Metode yang lebih kompleks adalah metode Deep Flow Tehnique (DFT) dengan meletakkan akar tanaman pada lapisan air kedalaman berkisar antara 4-6 cm. Metode lain adalah Nutrient Film Technique (NFT), dimana medium berupa kemiringan sekitar 5 derajat dengan aliran air yang tipis. Ada juga metode Dutch Bucket, yang khusus untuk tanaman buah, seperti lombok, tomat dan terong.

Pada hidroponik, semua jenis sayuran bisa dibudidayakan, baik itu sayuran daun seperti sawi, pakcoi, seledri, kangkung, bayam ataupun sayuran buah seperti tomat dan labu, melon, kol dan kembang kol. Tanaman-tanaman lain yang cocok adalah tanaman hias dan tanaman-tanaman herbal seperti ginseng, mint dan binahong.

Terkait biaya, besarnya tergantung pada sistem hidroponik yang dipilih. Jika menggunakan metode sederhana berupa wig atau sumbu tak membutuhkan banyak biaya karena hanya menggunakan barang-barang bekas, seperti botol-botol plastik dan styrofoam.

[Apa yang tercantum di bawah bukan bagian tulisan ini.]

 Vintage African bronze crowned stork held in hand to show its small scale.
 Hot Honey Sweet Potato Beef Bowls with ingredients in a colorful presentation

Dengan metode yang sudah menggunakan teknologi, seperti DFT atau NFT, biayanya cukup besar sebagai investasi awal. Untuk membangun instalasi DFT membutuhkan biaya sekitar Rp3 juta, dengan syarat dikerjakan sendiri atau tanpa menggaji orang lain untuk mengerjakannya. Rincianmya menggunakan 6 batang pipa yang harga totalnya Rp600 ribu. Lalu ada atap dan rangka sekitar Rp2 juta-an. Kemudian pompa aquarium 30 watt yang harganya sekitar Rp150 ribu. Sisanya untuk pembelian netpot dan medium penyemaian.”


Berawal dari Teman
Ketertarikan pada pertanian organik ini berawal dari teman yang sudah terlebih dahulu menekuni dunia hidroponik terkait urban farming dua tahun silam. “Saya lihat kebun hidroponiknya sambil bertanya caranya lalu saya paktekkan di halaman rumah.”

Meski tak memiliki basis pendidikan pertanian, saya tak begitu kesulitan mempelajari pertanian hidroponik ini. Apalagi saya memang berasal dari keluarga yang suka bercocok-tanam, sejak kecil sudah akrab dengan berbagai macam jenis tanaman yang memenuhi halaman rumah.

Awal-awal mulai hidroponik saya sempat gagal namun dari kegagalan itu justru mendapatkan pengetahuan yang lebih banyak. "Pada penyemaian pertama kali saya gagal karena tidak dijemur dan disimpan di dalam ruangan. Tanaman menjadi memanjang kutilang atau istilah pertaniannya etiolasi.”